*Record set*
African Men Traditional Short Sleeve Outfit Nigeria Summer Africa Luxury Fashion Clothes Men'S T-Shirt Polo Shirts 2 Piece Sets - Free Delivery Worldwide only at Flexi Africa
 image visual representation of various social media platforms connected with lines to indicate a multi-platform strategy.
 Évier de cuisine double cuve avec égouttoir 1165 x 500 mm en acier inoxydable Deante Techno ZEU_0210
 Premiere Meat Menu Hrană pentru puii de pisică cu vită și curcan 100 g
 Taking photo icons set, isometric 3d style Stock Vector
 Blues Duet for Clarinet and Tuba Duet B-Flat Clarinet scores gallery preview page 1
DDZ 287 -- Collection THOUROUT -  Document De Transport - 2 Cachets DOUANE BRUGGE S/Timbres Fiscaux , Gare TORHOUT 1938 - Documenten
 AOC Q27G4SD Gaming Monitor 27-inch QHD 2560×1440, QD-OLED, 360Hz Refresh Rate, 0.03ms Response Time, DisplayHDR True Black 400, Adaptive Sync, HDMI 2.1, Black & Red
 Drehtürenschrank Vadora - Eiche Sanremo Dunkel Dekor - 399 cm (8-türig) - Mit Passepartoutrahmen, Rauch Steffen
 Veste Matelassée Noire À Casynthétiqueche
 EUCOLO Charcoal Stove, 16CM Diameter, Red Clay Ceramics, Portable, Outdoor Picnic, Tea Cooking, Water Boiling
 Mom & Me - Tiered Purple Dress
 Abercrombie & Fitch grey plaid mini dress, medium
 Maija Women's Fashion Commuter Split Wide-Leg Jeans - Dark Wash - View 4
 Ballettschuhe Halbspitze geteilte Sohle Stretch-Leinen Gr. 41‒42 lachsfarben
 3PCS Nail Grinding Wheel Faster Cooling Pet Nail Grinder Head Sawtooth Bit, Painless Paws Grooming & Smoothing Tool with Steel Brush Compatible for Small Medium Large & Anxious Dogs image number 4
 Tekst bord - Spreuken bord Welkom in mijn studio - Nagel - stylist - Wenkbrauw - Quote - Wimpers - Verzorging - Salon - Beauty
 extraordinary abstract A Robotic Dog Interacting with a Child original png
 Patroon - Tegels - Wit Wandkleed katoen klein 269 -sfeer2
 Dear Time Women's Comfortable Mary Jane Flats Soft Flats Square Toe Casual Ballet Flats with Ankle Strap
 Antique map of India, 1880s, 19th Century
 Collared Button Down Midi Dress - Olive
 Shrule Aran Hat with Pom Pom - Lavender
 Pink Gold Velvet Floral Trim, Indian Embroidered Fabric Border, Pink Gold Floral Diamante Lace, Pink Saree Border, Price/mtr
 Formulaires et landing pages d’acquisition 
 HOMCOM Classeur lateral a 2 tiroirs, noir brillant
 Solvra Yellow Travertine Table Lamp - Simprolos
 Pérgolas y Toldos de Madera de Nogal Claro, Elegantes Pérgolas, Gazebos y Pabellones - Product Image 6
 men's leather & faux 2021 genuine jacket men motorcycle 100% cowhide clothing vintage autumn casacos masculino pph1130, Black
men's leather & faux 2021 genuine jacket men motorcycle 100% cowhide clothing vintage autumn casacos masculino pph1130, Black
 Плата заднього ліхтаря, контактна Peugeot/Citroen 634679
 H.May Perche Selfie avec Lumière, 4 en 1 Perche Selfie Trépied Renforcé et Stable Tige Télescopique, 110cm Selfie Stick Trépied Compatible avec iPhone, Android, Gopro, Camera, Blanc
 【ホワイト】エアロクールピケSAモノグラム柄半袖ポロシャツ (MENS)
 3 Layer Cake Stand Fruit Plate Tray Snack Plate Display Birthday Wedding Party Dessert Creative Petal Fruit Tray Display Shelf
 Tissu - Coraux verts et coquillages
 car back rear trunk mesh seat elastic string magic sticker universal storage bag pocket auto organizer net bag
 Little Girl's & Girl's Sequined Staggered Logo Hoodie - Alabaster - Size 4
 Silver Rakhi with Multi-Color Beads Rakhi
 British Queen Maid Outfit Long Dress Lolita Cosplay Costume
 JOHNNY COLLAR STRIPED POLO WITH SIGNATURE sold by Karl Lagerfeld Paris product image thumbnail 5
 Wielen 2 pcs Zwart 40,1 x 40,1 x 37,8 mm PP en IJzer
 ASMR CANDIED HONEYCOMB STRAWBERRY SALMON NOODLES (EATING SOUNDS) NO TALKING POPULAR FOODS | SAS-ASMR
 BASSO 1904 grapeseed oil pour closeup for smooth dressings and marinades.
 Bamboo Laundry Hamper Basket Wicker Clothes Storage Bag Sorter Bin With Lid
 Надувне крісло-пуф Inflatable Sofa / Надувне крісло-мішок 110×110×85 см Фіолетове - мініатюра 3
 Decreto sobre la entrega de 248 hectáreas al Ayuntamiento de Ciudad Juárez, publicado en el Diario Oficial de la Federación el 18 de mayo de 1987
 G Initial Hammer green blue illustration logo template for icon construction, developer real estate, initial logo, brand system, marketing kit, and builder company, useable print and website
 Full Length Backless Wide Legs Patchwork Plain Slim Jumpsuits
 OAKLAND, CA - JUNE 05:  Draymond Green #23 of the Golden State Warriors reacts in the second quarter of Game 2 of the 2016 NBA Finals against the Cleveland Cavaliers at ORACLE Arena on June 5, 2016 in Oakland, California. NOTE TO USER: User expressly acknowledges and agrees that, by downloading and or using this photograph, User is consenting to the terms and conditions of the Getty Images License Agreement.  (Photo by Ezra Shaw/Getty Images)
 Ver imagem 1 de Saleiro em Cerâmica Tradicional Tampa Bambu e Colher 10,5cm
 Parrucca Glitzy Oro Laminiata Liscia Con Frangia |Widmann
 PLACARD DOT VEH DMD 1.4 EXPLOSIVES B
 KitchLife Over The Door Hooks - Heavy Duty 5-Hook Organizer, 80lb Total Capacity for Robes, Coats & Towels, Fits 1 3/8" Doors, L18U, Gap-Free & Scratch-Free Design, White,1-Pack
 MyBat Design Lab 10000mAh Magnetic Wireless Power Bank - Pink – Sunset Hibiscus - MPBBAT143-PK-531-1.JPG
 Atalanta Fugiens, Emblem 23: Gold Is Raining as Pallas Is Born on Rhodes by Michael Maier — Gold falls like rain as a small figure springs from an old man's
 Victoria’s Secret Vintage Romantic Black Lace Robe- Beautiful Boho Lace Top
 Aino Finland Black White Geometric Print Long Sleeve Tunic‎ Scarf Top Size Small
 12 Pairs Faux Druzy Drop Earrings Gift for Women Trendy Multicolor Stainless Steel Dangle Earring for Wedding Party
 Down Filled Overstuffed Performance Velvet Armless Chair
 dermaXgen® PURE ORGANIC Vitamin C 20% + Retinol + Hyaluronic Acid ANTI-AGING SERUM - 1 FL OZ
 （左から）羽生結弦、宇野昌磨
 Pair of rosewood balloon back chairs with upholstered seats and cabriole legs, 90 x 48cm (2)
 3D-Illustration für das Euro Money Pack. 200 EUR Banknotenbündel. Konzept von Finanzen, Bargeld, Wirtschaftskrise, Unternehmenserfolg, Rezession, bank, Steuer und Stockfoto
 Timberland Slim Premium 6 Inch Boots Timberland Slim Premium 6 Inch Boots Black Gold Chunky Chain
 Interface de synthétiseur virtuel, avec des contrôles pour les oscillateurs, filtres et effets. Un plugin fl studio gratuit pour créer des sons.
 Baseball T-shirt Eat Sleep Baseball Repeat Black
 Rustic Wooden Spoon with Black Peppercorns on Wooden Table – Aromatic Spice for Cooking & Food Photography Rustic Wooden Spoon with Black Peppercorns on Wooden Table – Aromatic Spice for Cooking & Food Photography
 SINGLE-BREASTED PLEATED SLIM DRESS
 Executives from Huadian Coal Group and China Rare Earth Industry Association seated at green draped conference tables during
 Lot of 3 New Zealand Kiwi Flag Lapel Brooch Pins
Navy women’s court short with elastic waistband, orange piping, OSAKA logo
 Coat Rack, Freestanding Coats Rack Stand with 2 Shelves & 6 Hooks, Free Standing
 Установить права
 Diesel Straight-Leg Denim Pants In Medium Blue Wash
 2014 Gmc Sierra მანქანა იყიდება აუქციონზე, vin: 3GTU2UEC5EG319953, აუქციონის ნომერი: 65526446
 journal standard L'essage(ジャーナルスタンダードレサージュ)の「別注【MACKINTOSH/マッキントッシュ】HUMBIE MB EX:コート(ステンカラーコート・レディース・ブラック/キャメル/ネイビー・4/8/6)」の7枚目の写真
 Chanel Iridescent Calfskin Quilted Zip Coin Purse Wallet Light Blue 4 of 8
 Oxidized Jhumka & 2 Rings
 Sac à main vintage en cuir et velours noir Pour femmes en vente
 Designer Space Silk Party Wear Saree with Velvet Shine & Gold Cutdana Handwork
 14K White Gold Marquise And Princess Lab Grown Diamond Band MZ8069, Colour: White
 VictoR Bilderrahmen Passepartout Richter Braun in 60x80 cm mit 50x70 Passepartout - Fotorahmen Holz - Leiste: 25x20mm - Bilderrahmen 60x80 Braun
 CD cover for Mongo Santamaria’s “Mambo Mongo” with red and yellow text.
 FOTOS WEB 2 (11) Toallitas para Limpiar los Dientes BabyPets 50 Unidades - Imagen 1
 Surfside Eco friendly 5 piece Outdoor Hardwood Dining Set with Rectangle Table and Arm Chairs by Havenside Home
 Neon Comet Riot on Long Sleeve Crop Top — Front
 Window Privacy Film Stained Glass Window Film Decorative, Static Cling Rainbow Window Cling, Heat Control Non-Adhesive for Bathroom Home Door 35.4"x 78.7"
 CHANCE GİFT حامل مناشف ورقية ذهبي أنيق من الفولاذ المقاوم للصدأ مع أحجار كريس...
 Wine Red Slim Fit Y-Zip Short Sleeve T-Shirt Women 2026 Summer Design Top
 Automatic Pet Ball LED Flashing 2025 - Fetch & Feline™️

*The problem*
For this exercise, copy the lines from the one that contains "2014 Gmc Sierra" through the last line of the records, exactly and only those.

*Solution*
 2014 Gmc Sierra მანქანა იყიდება აუქციონზე, vin: 3GTU2UEC5EG319953, აუქციონის ნომერი: 65526446
 journal standard L'essage(ジャーナルスタンダードレサージュ)の「別注【MACKINTOSH/マッキントッシュ】HUMBIE MB EX:コート(ステンカラーコート・レディース・ブラック/キャメル/ネイビー・4/8/6)」の7枚目の写真
 Chanel Iridescent Calfskin Quilted Zip Coin Purse Wallet Light Blue 4 of 8
 Oxidized Jhumka & 2 Rings
 Sac à main vintage en cuir et velours noir Pour femmes en vente
 Designer Space Silk Party Wear Saree with Velvet Shine & Gold Cutdana Handwork
 14K White Gold Marquise And Princess Lab Grown Diamond Band MZ8069, Colour: White
 VictoR Bilderrahmen Passepartout Richter Braun in 60x80 cm mit 50x70 Passepartout - Fotorahmen Holz - Leiste: 25x20mm - Bilderrahmen 60x80 Braun
 CD cover for Mongo Santamaria’s “Mambo Mongo” with red and yellow text.
 FOTOS WEB 2 (11) Toallitas para Limpiar los Dientes BabyPets 50 Unidades - Imagen 1
 Surfside Eco friendly 5 piece Outdoor Hardwood Dining Set with Rectangle Table and Arm Chairs by Havenside Home
 Neon Comet Riot on Long Sleeve Crop Top — Front
 Window Privacy Film Stained Glass Window Film Decorative, Static Cling Rainbow Window Cling, Heat Control Non-Adhesive for Bathroom Home Door 35.4"x 78.7"
 CHANCE GİFT حامل مناشف ورقية ذهبي أنيق من الفولاذ المقاوم للصدأ مع أحجار كريس...
 Wine Red Slim Fit Y-Zip Short Sleeve T-Shirt Women 2026 Summer Design Top
 Automatic Pet Ball LED Flashing 2025 - Fetch & Feline™️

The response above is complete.